> [ACTION ITEM] The copy should begin at the line containing "Ιμάντες καστάνιας VEVOR" and end at the last line of the material. Please reproduce those lines exactly and keep pictures out.

> [DATASET SECTION]
_ _ _ _ _

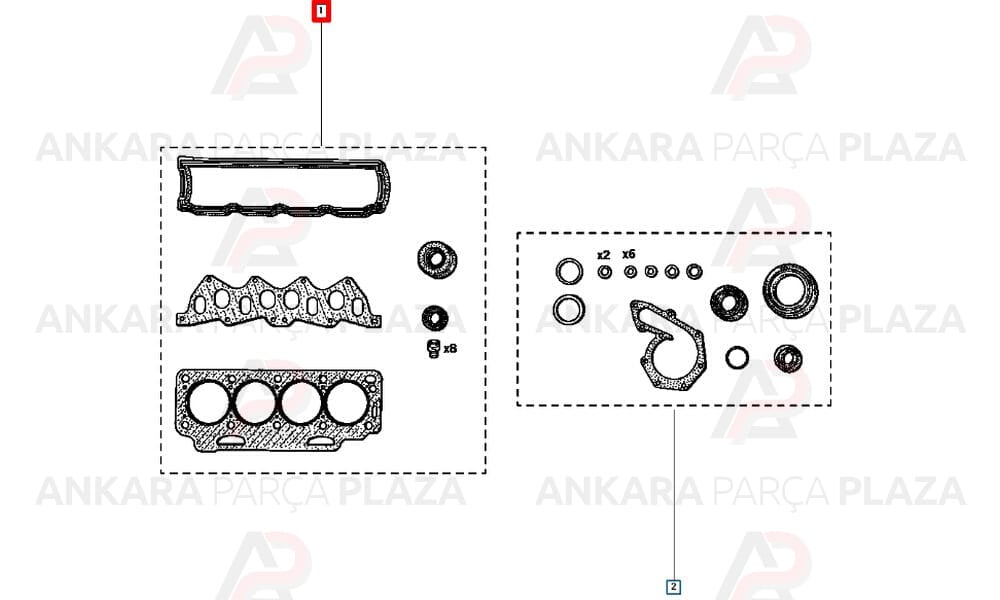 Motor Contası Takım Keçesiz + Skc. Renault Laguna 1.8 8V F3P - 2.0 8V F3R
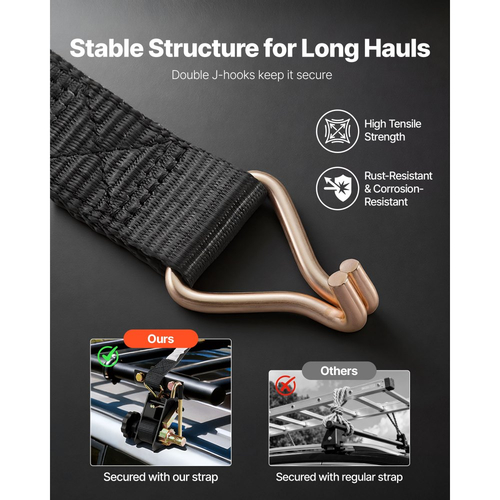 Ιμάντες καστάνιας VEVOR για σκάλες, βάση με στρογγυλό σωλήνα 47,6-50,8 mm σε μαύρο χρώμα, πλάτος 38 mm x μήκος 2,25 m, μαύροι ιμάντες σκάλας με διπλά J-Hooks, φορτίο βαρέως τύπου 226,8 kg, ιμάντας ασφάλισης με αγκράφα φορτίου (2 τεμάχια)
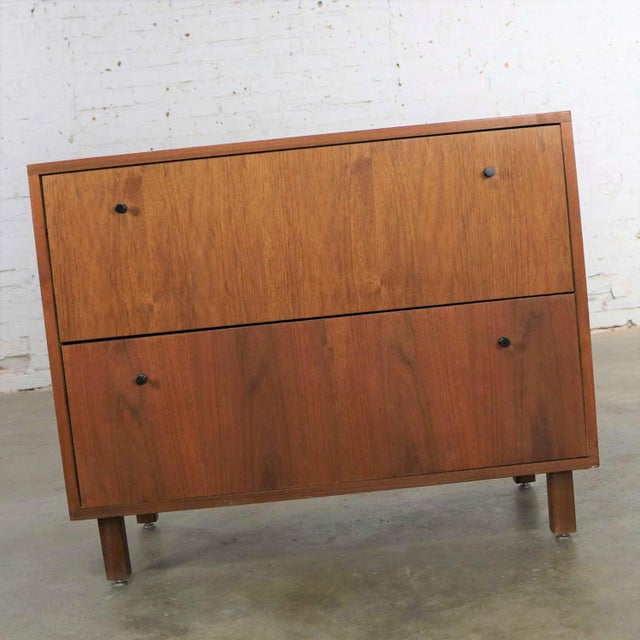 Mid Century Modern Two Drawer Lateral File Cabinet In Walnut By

_ _ _ _ _

> [YOUR SOLUTION]
 Ιμάντες καστάνιας VEVOR για σκάλες, βάση με στρογγυλό σωλήνα 47,6-50,8 mm σε μαύρο χρώμα, πλάτος 38 mm x μήκος 2,25 m, μαύροι ιμάντες σκάλας με διπλά J-Hooks, φορτίο βαρέως τύπου 226,8 kg, ιμάντας ασφάλισης με αγκράφα φορτίου (2 τεμάχια)
 Mid Century Modern Two Drawer Lateral File Cabinet In Walnut By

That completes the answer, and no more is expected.